The next thing for a speaker to learn is how to stand. He should not
take a natural posture, as some writers say, unless that posture is
one of strength and, to some degree, of grace. A student without
training will usually stand with his head protruding forward, his
shoulders drooping, his body twisted, and his feet far apart, with all
his weight on one leg. Such an attitude is enough to condemn one even
before he begins to speak. A slipshod appearance suggests slipshod
thinking and reasoning. A speaker should always stand erect, with his
head back, chin in, shoulders rolled back and down; either the feet
should be near together with the weight of the body on both, or one
foot should be slightly in advance of the other with the weight of the
body entirely on the rear foot. In the latter case, the leg on which
the body rests must form a straight line with the body, there being no
unsightly bulging at the hip; and the leg on which the body does not
rest must be slightly bent at the knee. This posture is not difficult
to attain if one will practise it frequently, endeavoring in his
everyday life to walk and stand in a soldierly manner. On the other
hand, erectness should not be carried to such an extreme as to become
stiffness. A debater's object is to be forceful and pleasing. In
striving for this end, he should always remember that he can very
easily err in either of two directions.

A debater should allow his hands, for the most part, to hang naturally
at his sides. There may be a great temptation for him to put them in
his pockets, but he should resist this for two reasons: such a
procedure is not considered good form, and his hands are less
available for instant use in the making of gestures. If one is
delivering a lengthy argument, there is no particular harm in putting
one hand behind the back for a short time, or even in front of the
body along the waist line, provided this can be done in an easy,
natural manner; but in the case of a short speech, one will do well to
keep his hands at his sides. They must hang naturally in order not to
attract attention, being neither closed tightly nor held rigidly open.
If one will follow these directions, his hands and arms may feel
awkward, but they will not appear so.

Another important principle in the matter of position requires that a
debater shall keep his eyes fixed on his audience. He must not look at
the floor, at the ceiling, or at the walls. He must look at the people
he would convince. Only in this way can he hope to hold their
attention. Only in this way can he win their confidence and reach
their feelings. To look into space means to debate into space.

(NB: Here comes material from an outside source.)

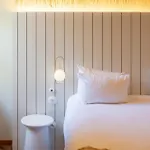 Hotel M Soleil - Centre Saint Roch Montpellier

In the next place, a speaker must beware of falling into ludicrous and
disgusting habits of deportment. Nervousness will often cause one in
the presence of an audience to keep making an unsightly gesture, a
peculiar twitch or step that will absolutely ruin his whole speech.
Some speakers have been known to change their weight from one foot to
the other as often as twenty or thirty times a minute. Other speakers
have adopted a peculiar jerk of the head or a constant shrugging of
the shoulders that is most disagreeable to see. Still others keep
constantly opening and shutting their hands. For years one speaker of
some small prominence spent the greater part of his time while on the
platform in tugging at his coat, apparently in an effort to make it
fit better around the collar. All such actions as these are to be
carefully guarded against.

A debater, however, is not expected to stand perfectly still: he
should use considerable interpretative and emphatic action. To begin
with, he ought not to stand all the time in exactly the same spot.
Monotony of position is to be avoided as well as monotony of action or
of voice. He will rest himself and his audience if he will
occasionally move about, taking two or three steps at a time. In doing
this he must never go backward; he must never retreat. If, for any
reason, he began his speech while standing near the rear or the centre
of the stage, he should move forward; if he cannot go forward, he may
move back and forth near the edge of the platform. The best time for
one to change his position is at the conclusion of a paragraph. A
paragraph division, it will be remembered, indicates a change in
thought. If a debater, therefore, makes a longer pause than usual at
this point, and in addition alters his position slightly, he helps
interpret his argument. He does for the hearer exactly what
indentation does for the reader.

GESTURES. So much has been said and written about gestures that a
student is often puzzled to know whose advice to follow and what to
do. Some writers say that no gestures at all are desirable; others
deem them necessary, but declare that they should never be made unless
they are spontaneous and natural. In the light of such conflicting
advice, what will determine the proper course for a student to follow?
The answer to this question lies in a consideration of the ultimate
object of a course in debating. If it is to give students some
facility in expressing their thoughts before an audience, if it is to
train students for practical work in business and professional life,
then those men who are recognized as the polished and powerful
speakers of the day should be taken as models. Most of these, it will
be found, use gestures. There is but one reasonable course, then, for
the student to follow: he should make gestures. They may be crude and
awkward at first, but only by practice can he ever hope to improve
them.

The best method of procedure, undoubtedly, is for the beginner to
become familiar with two or three of the most common gestures,
learning how to make them and just what they signify. He should then
use them. They may seem mechanical and ungainly at first, but constant
practice both in private and before a class will soon enable him to
make them with considerable emphasis and ease. From this point on, the
road is clear. The knowledge that he can use his hands to good
advantage, even in a limited way, will soon cause him to make gestures
spontaneously. Nor will he be limited to the few with which he
started. In the midst of an explanation and in the heat of an
impassioned plea, he will find himself using gestures that he had not
thought of before. The awkward and premeditated gesture with which he
began will have become forceful and spontaneous.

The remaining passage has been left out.